- **What to work on**
Starting at the first line of the entries below, output every line exactly, up to and including the line with "Mini-Refrigerator".

- **Data provided**
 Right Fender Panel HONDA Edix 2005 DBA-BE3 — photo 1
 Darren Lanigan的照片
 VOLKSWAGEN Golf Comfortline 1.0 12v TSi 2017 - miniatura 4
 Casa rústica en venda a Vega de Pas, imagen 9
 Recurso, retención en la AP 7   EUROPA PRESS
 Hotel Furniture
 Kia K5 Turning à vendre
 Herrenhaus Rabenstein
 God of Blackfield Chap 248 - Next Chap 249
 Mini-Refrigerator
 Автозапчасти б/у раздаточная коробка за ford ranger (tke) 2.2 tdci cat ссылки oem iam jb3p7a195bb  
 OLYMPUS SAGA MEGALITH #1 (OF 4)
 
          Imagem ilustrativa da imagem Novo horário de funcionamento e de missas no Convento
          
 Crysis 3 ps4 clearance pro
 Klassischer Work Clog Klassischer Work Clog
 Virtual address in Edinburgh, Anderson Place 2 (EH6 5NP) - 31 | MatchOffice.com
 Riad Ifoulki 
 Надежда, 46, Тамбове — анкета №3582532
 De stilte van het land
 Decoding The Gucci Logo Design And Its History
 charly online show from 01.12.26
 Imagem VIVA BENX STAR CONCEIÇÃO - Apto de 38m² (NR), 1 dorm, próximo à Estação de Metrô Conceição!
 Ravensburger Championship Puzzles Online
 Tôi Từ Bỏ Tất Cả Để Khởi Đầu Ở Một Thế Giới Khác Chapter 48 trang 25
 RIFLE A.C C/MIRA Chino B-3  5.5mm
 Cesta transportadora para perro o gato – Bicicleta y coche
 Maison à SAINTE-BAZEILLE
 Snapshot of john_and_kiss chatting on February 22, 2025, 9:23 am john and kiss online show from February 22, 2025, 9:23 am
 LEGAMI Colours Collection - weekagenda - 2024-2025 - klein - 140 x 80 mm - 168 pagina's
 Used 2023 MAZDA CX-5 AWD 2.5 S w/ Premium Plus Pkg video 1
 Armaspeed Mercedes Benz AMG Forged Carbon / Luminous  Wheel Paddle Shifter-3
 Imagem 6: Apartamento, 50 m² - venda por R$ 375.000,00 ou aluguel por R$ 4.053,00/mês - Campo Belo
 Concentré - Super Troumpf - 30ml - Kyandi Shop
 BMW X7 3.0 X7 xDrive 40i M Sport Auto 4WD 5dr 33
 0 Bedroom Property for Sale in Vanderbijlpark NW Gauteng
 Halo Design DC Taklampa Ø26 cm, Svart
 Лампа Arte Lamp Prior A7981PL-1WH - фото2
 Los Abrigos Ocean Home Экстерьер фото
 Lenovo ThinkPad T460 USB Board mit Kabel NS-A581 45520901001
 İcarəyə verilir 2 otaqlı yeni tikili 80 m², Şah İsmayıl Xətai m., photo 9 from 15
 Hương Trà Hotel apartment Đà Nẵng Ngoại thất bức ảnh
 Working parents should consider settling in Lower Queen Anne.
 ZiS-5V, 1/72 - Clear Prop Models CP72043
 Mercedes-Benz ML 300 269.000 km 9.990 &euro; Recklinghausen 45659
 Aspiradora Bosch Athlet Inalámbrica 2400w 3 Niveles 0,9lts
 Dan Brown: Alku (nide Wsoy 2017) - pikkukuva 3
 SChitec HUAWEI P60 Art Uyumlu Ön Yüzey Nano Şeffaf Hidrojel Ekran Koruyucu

- **Expected output**
 Right Fender Panel HONDA Edix 2005 DBA-BE3 — photo 1
 Darren Lanigan的照片
 VOLKSWAGEN Golf Comfortline 1.0 12v TSi 2017 - miniatura 4
 Casa rústica en venda a Vega de Pas, imagen 9
 Recurso, retención en la AP 7   EUROPA PRESS
 Hotel Furniture
 Kia K5 Turning à vendre
 Herrenhaus Rabenstein
 God of Blackfield Chap 248 - Next Chap 249
 Mini-Refrigerator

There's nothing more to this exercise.